Vietnam was one of the very first countries outside of Europe where SOS Children's Villages started supporting children, young people and families in 1967.
Although the organisation had to stop working in the country in 1976, after years of negotiations, its activities could once again be continued in 1987. The lack of support and suitable accommodation for the large number of children without parental care led to a significant growth in the organisation.
One of the poorest regions of the country
Little boy outside the family homes (photo: SOS archives)
The province of Dien Bien is located in north-western Vietnam, about 35 km from the border with Laos. The region is very mountainous, but the city of Dien Bien Phu itself is located in a large valley. The city is growing quickly and is expected to be home to 150,000 people by 2020. Numerous ethnic minorities live in the rural surroundings, each speaking their own language, and very often they do not speak Vietnamese.
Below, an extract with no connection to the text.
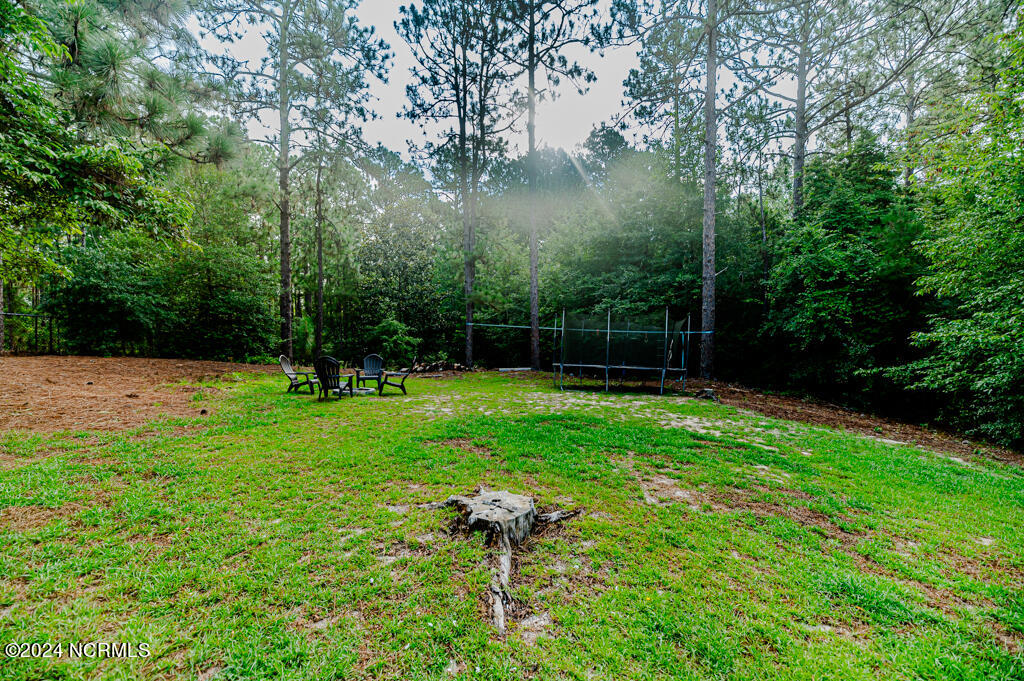 2420 W Longleaf Drive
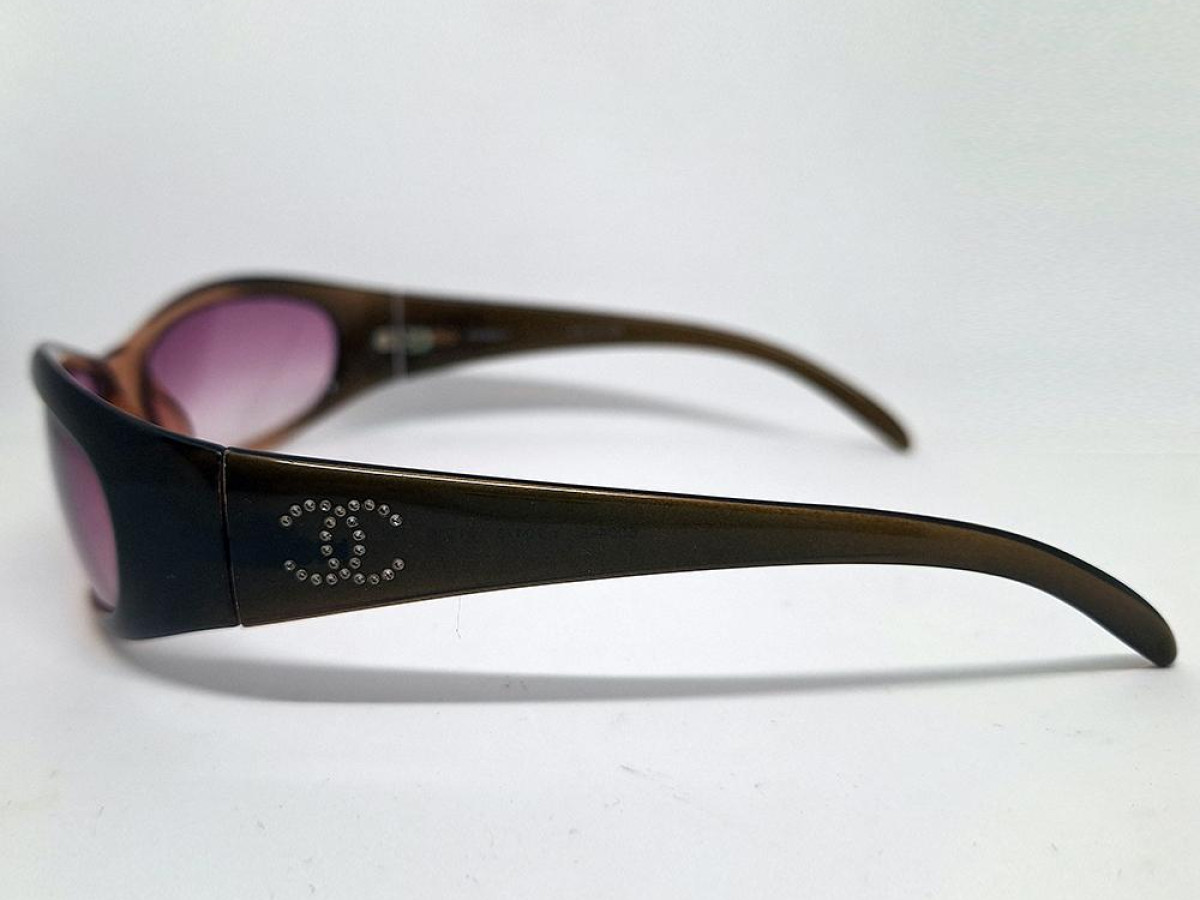 CHANEL - 6004B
Dien Bien is one of the poorest provinces in Vietnam. With a population of approximately half a million, about 45 per cent live below the poverty line. Most of the people live off farming or herding animals. Infrastructure in these more rural areas is in need of investment. Children from rural areas are often unable to attend school. On the one hand, there is a lack of schools which means that they may have to walk long distances to get to school. In addition, the extra cost of schooling is often unaffordable to parents who are struggling to make a living. At the same time, children may also be forced to contribute to the family income - by working in the home or on the land.
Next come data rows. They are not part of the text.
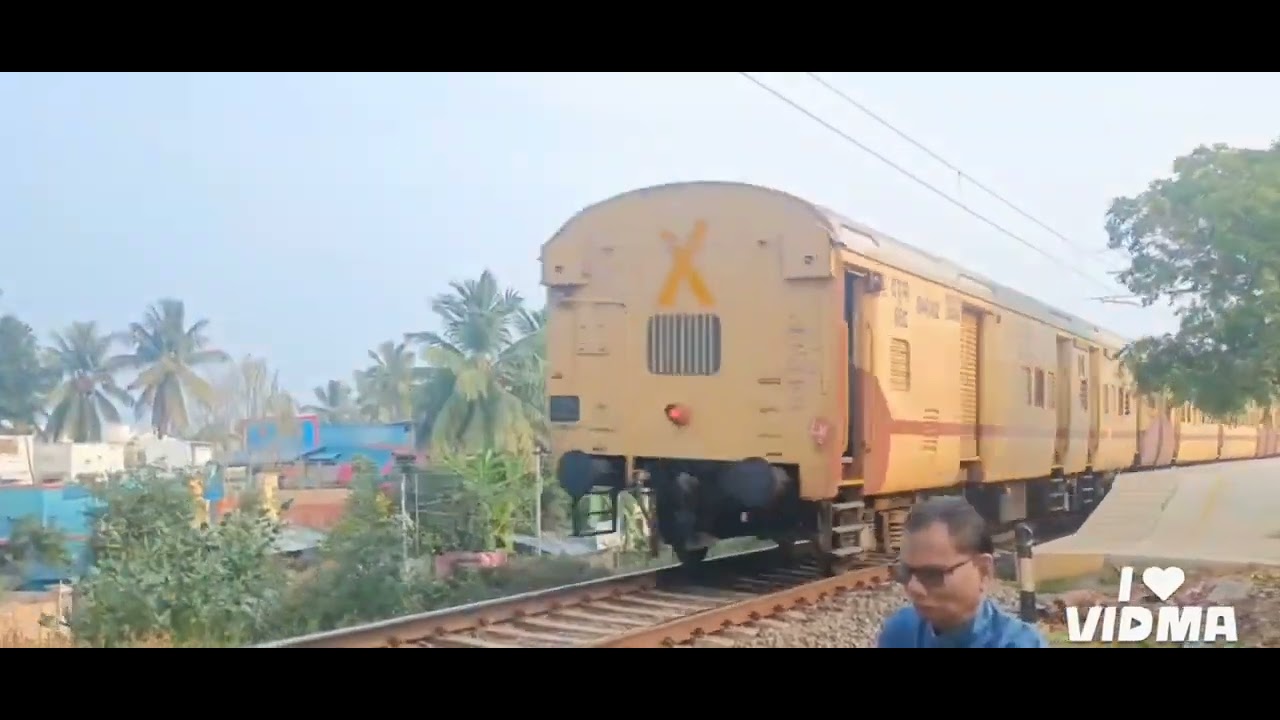 SAME TRAIN POWERED BY SAME NUMBERED LOCOMOTIVE FOR 2 WEEKS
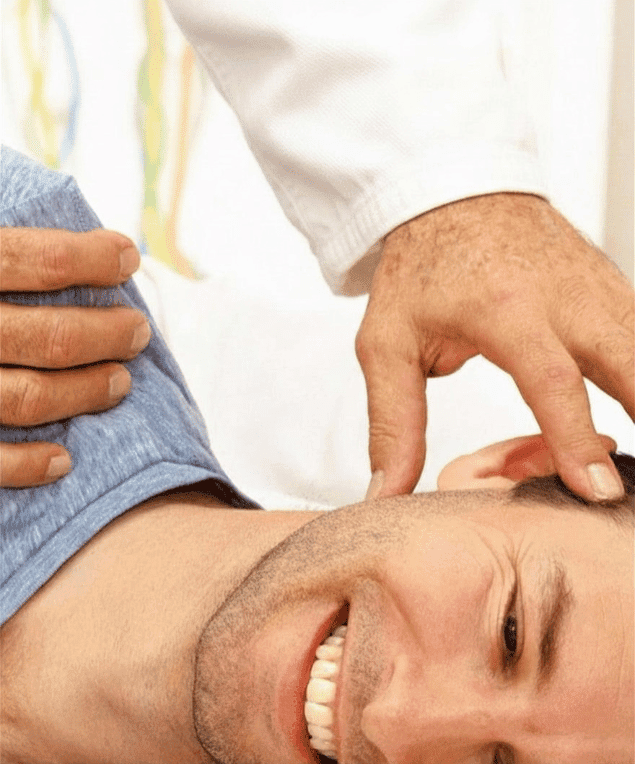 Shiatsu-Handbehandlung – achtsamer Druck auf Hand und Unterarm zur Förderung von Entspannung und Energiefluss.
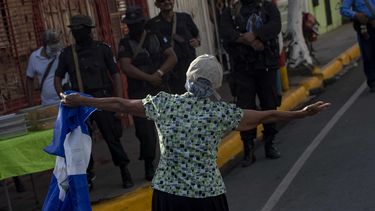 Una manifestante confronta a las autoridades en una de las manufesmanifestaciones contra el régimen de Ortega.&nbsp;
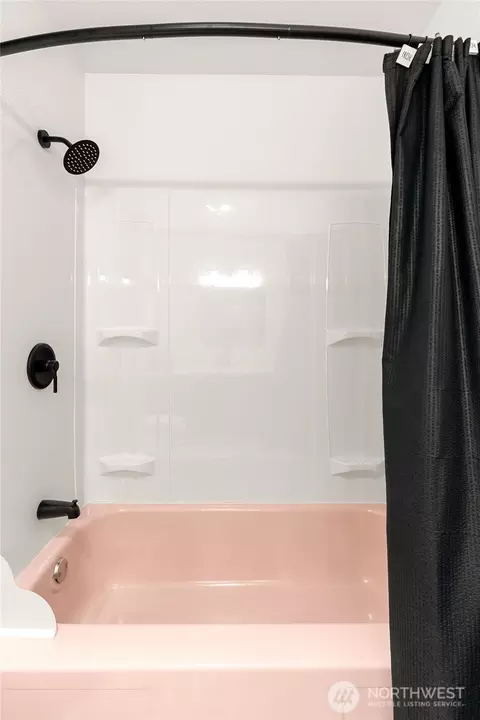 Bath - 2 Tweed Pl, Cosmopolis, WA 98537 photo 2 of 4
Most of the children we look after have lost parental care due to the social and economic hardships that their families have encountered. Many come from the ethnic minorities who live in the isolated mountainous areas and do not speak Vietnamese when they arrive in our care. SOS mothers and educators give these children intense support so that they can learn Vietnamese and do well at school. The results are encouraging: they improve their language skills, enjoy school and are fully aware of the importance of education for their future.
Human trafficking is a problem throughout Vietnam and the northern province of Dien Bien is no exception. People are trafficked both internally to other cities in Vietnam, but also across the borders to Laos, China and further afield.
Providing loving homes to children who have lost parental care
The social and economic conditions in the area make the work of our organisation particularly important. The Vietnamese authorities approached SOS Children's Villages and asked us to become active in the area due to the large number of destitute children. The provincial authorities had been trying to introduce programmes to help these children but a lack of resources had left many children in need of support.
What we do in Dien Bien Phu
An SOS family sits down together for a meal (photo: SOS archives)
If children can no longer live with their families they can find a loving home with one of the SOS mothers and their brothers and sisters. There are 14 SOS families who can care for up to 140 children. Every child has a "Child Development Plan" which is prepared in consultation with the child and the SOS mother.
Young children from the SOS families and from the neighbouring areas can go to the SOS Kindergarten. Parents welcome the existence of quality day-care, where they know their children will be looked after by professionals while they go to work or receive training. Older children can attend the SOS Hermann Gmeiner School; most of the children at the school come from local families.